“She should. This is precisely the sort of laxness that saw you squander your opportunity to be mistress of Longbourn and nearly ruined us all.”
Was that part of Mary’s relentless bitterness of late? The knowledge that Elizabeth was Mr. Collins’ second choice for a wife, and Mary only his third?
“You require a chaperone.”
Elizabeth regarded her sister with newfound pity. She supposed it would be upsetting to know your husband ranked you as less desirable than your older sisters. “I have never required a chaperone to call on Charlotte.”
“As your married sister and future mistress of this household, it behooves me to attempt to instill more correctness into your behavior. I will chaperone you.”
“As your unmarried sister and a very quick walker, it behooves me to inform you that you may certainly join me in calling on Lucas Lodge, if you can catch up.” With that, Elizabeth pushed past Mary and hurried down the hallway.
Once in the kitchen, Elizabeth quickly donned her boots. She had no notion if Mary would follow, but she would need to collect her outerwear first.
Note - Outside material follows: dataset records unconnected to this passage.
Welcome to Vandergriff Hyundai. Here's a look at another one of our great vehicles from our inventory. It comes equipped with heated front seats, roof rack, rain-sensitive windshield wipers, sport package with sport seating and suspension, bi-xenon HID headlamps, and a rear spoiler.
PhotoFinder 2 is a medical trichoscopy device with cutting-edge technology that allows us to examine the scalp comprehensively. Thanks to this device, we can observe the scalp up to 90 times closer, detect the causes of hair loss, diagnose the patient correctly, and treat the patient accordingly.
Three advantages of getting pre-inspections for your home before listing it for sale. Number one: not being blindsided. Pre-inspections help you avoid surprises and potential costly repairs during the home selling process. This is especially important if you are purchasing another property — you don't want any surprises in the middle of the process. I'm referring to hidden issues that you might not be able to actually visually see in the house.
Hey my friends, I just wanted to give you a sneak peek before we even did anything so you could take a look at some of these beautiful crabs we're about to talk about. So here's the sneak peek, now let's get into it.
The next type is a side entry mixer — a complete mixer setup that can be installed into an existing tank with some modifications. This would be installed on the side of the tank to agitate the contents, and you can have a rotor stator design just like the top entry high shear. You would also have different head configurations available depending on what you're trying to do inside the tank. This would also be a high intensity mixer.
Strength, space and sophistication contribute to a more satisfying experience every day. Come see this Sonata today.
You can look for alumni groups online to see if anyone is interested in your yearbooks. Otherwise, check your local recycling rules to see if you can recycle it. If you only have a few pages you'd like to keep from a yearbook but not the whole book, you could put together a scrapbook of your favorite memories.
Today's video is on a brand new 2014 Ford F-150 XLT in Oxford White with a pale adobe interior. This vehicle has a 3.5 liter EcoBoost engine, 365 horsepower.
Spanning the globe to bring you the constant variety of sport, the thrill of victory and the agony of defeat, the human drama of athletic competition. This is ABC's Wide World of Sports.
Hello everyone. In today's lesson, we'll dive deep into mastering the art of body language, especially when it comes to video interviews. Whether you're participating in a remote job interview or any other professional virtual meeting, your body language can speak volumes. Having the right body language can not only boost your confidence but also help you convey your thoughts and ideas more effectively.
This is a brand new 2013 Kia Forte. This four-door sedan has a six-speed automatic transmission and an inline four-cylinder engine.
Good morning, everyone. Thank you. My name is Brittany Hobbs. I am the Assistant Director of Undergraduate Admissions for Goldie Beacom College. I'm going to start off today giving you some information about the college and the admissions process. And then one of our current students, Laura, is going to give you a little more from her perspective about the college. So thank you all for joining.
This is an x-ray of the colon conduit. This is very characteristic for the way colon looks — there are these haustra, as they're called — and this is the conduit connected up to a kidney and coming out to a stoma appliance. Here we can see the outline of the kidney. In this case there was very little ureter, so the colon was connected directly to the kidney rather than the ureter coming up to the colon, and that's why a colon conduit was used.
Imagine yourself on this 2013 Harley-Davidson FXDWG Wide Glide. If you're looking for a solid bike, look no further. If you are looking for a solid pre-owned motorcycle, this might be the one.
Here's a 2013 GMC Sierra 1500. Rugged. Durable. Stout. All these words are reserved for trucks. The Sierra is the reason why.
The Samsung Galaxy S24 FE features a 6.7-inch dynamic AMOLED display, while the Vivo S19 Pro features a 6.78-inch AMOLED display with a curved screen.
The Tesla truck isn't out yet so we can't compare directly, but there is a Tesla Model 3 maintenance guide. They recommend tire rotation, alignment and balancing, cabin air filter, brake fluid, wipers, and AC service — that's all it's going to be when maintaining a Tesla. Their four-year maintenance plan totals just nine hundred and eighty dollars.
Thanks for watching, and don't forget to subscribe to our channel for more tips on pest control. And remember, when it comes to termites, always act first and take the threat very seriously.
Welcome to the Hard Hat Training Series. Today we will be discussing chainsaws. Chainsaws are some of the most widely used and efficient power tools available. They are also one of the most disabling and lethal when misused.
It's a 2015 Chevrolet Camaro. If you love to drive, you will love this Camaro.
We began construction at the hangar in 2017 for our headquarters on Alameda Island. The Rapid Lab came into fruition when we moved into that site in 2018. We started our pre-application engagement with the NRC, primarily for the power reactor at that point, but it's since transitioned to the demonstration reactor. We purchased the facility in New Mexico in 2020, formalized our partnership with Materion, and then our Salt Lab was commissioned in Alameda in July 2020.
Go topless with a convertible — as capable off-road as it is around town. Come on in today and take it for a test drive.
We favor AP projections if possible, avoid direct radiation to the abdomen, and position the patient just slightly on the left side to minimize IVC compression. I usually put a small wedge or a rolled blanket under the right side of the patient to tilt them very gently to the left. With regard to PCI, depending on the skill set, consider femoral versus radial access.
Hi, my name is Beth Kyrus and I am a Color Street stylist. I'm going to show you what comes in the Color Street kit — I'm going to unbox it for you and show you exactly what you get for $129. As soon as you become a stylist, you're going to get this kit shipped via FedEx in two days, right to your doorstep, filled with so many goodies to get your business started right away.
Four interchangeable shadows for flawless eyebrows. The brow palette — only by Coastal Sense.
By that time, Elizabeth would be halfway to Lucas Lodge.
Chapter Twenty-Eight
Elizabeth sat on a very comfortable sofa in Lucas Lodge’s large drawing room and waited until Lady Lucas was occupied with two of her younger children to turn to Charlotte and murmur, “I require your wisdom.”
“Regarding what am I to be your Athena today?” Charlotte asked quietly, her gaze on her mother and younger sisters, one of whom had tied knots into the hair of the other while they played at being a lady and her lady’s maid. The resulting tangle was causing a great many accusations and not a few tears.
“Mr. Darcy, the real Mr. Darcy, has asked to court me, but—”
“But nothing,” Charlotte interrupted. “He is wealthy, kind, brave, and a devoted brother, and he is asking to court you so you might come to know each other, not for an immediate promise to marry him. Whatever your objections, the correct answer is yes.”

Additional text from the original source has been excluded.